Assignment: Every record below is to be retyped exactly, with any pictures left out.

- Opening Delimiter -

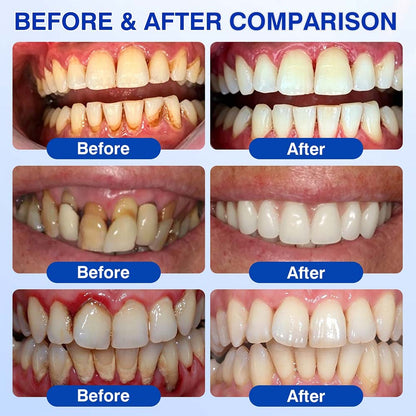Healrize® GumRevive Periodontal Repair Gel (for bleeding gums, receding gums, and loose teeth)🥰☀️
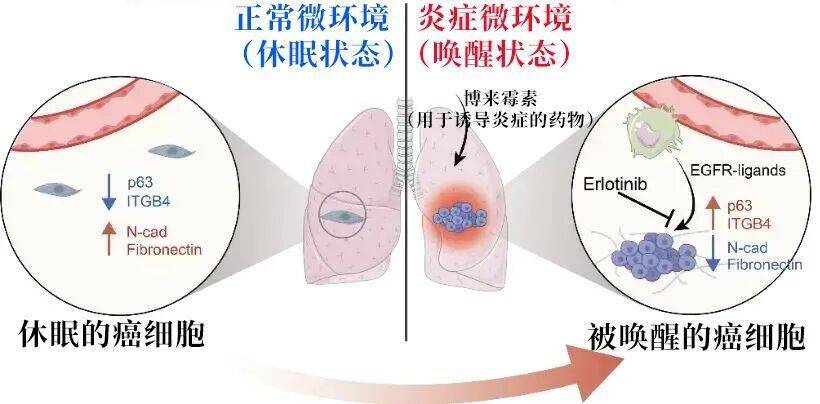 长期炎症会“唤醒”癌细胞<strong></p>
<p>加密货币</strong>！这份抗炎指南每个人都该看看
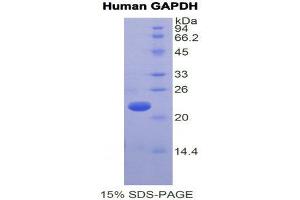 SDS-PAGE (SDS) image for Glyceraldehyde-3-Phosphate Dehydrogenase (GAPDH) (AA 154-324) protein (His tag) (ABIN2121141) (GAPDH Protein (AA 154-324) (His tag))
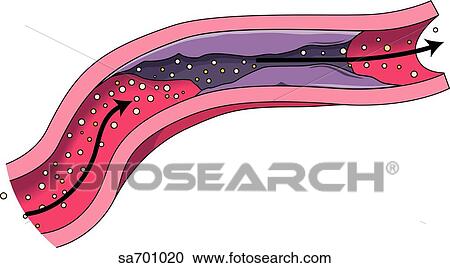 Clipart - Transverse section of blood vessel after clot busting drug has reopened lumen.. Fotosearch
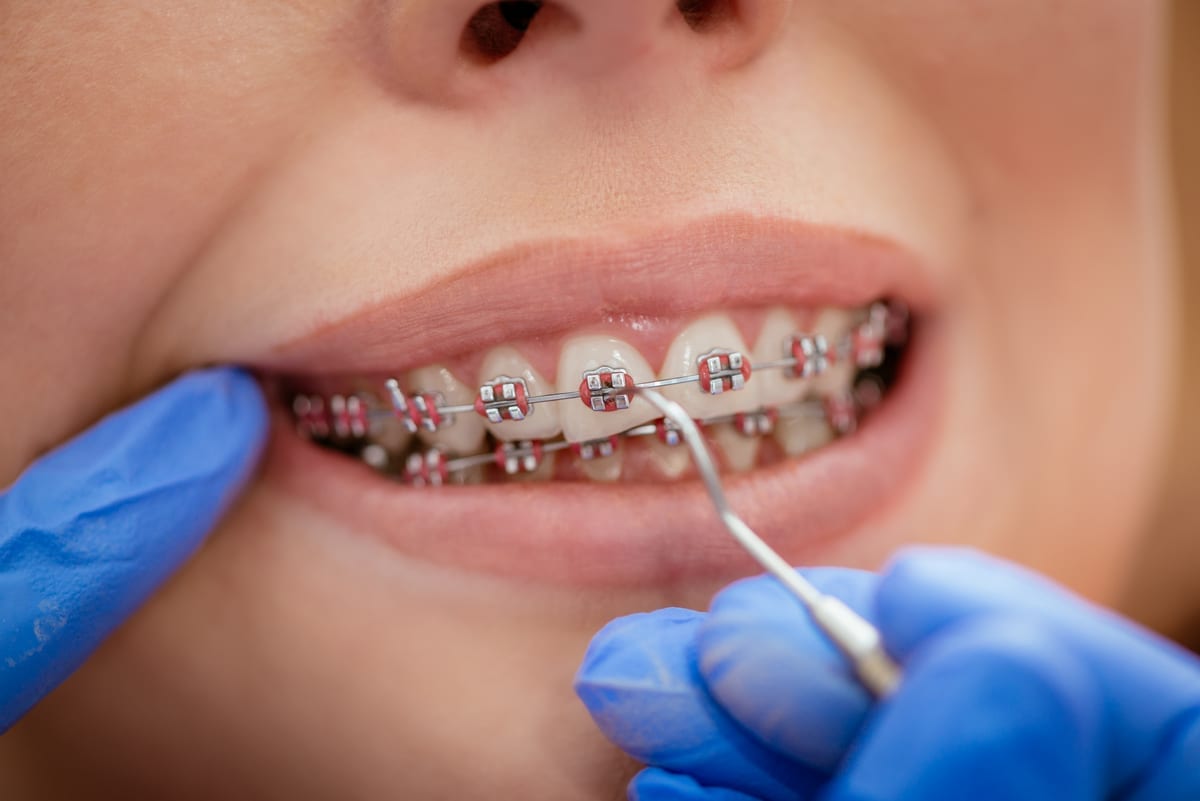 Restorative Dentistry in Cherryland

- Closing Delimiter -

Answer to the problem:
Healrize® GumRevive Periodontal Repair Gel (for bleeding gums, receding gums, and loose teeth)🥰☀️
 长期炎症会“唤醒”癌细胞<strong></p>
<p>加密货币</strong>！这份抗炎指南每个人都该看看
 SDS-PAGE (SDS) image for Glyceraldehyde-3-Phosphate Dehydrogenase (GAPDH) (AA 154-324) protein (His tag) (ABIN2121141) (GAPDH Protein (AA 154-324) (His tag))
 Clipart - Transverse section of blood vessel after clot busting drug has reopened lumen.. Fotosearch
 Restorative Dentistry in Cherryland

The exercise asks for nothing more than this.